Fifty years ago today, on May Day 1971, thousands of antiwar protesters descended on Washington, DC, to protest the Vietnam War. The ensuing three days of disruptive actions directly confronted the Nixon administration — and resulted in the largest

Antiwar protestors congregate on the steps of the US Capitol on May Day, 1971.,Stuart Lutz / Gado / Getty Images

Fifty years ago this month, I watched 1,200 of my fellow antiwar demonstrators get carted off to jail for simply sitting on the back steps of the Capitol and listening to speeches from two House members.

That bust was the last gasp of three days of mass protest activity in Washington, DC, against the Vietnam War. Kicking off on May 1, the May Day actions resulted in the largest number of civil disobedience–related detentions in US history — 12,000 in all, including a record-breaking single-day total of 7,000 on May 3, 1971.

Organizers of the May 1971 antiwar actions had publicly announced their intention to shut down the nation’s capital by blocking its streets, bridges, and buildings. But that plan was thwarted by nearly twenty thousand local, state, and federal police officers, National Guard members, US Marines, paratroopers from the army’s 82nd Airborne Division, and the 6th Armored Cavalry Regiment from Fort Meade in Maryland.

The crackdown had lasting effects. As L. A. Kauffman argues in her 2017 book, Direct Action, Mayday “influenced grassroots activism for decades to come, laying the groundwork for a new kind of radicalism: decentralized, ideologically diverse, and propelled by direct action.” Lawrence Roberts, who became an award-winning journalist after being detained himself, notes another impact. The Nixon administration’s response, he writes in Mayday 1971, led to “consequential changes to American law and politics, including the rules governing protests in the nation’s capital, which remain in force today.”

A Grand Finale

Mayday was the grand finale of antiwar actions that included the bombing of a Capitol building restroom by the Weather Underground, an occupation of the National Mall by Vietnam Veterans Against the War, and a mass rally organized by the National Peace Action Coalition (NPAC) that drew five hundred thousand people.

This last event was similar to the huge peace demonstrations held in Washington, DC, on weekends during the spring of 1970 and the fall of 1969. Each involved bussing in large crowds of people, doing a little marching around, listening to speeches and music, and then getting back on the busses to go home. For some in the antiwar movement, this familiar routine — what one critic called “dull ceremonies of dissent” — began to feel futile and too easily ignored by the Nixon administration.The late Rennie Davis, the mastermind and maestro of May Day, had a different idea. Tens of thousands of activists would come to Washington ready to camp out and disrupt business as usual — on a weekday, when thousands of federal workers were trying to get to their jobs.
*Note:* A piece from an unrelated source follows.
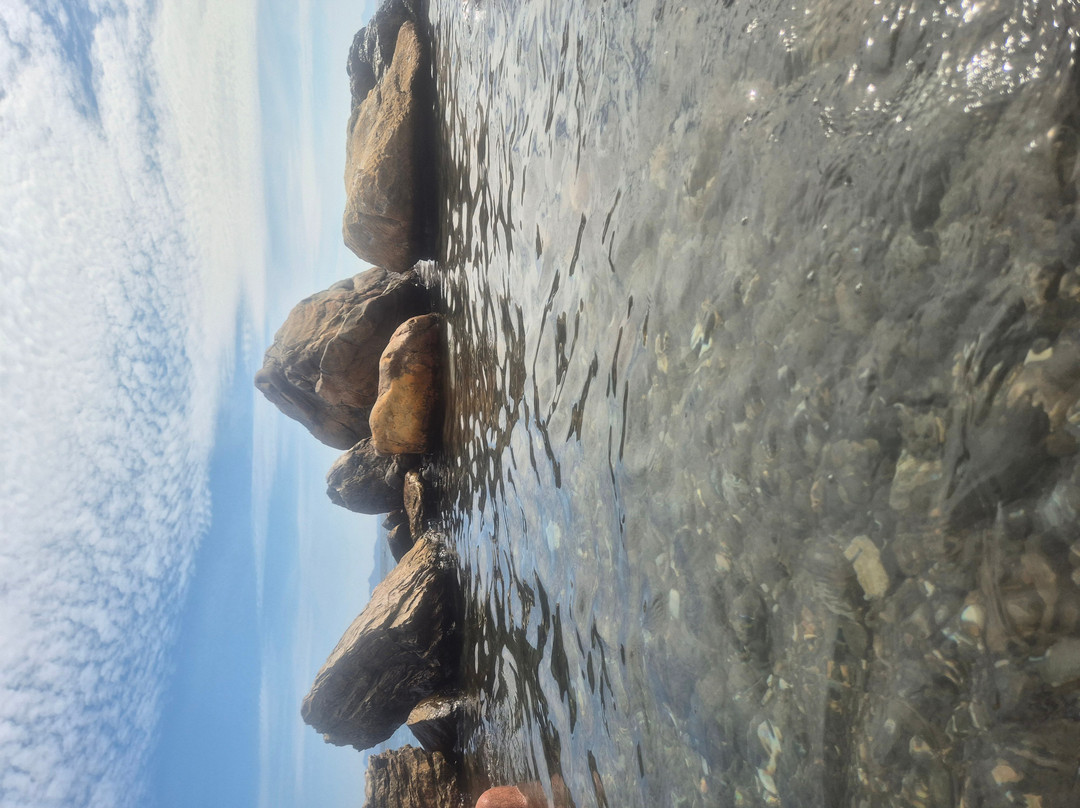 Therma Beach-Agios Fokas必去景点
As viewers of Aaron Sorkin’s flawed film about the Chicago Seven will know, Davis was no stranger to confrontational protest. A leader of Students for a Democratic Society (SDS) at Oberlin College, he helped organize antiwar demonstrations at the Democratic National Convention in Chicago in 1968. He was arrested and put on trial as a defendant in the most famous political trial of the era, resulting in a 1970 conviction for incitement to riot (it was later overturned on appeal).

Davis was still facing a five-year jail term for his Chicago Seven role when he hit the road to convince campus activists that if “the government won’t stop the war, the people will stop the government.” As one old SDS comrade told the New York Times when Davis died in February at age eighty, Rennie’s style of organizing involved a lot of “smoke and mirrors.” He believed in “political salesmanship, creating a kind of myth that wasn’t quite a lie but created an image of possibility, even if it wasn’t yet true.”

The game plan that Davis developed wasn’t an easy sell among traditional practitioners of civil disobedience or NPAC. Pacifist foes of the Vietnam war tended to play by strict nonviolent protest rules: if you broke the law by blocking a federal building or burning draft board records, you didn’t try to evade arrest afterwards. You sat (or laid down) and waited to be handcuffed and hauled away.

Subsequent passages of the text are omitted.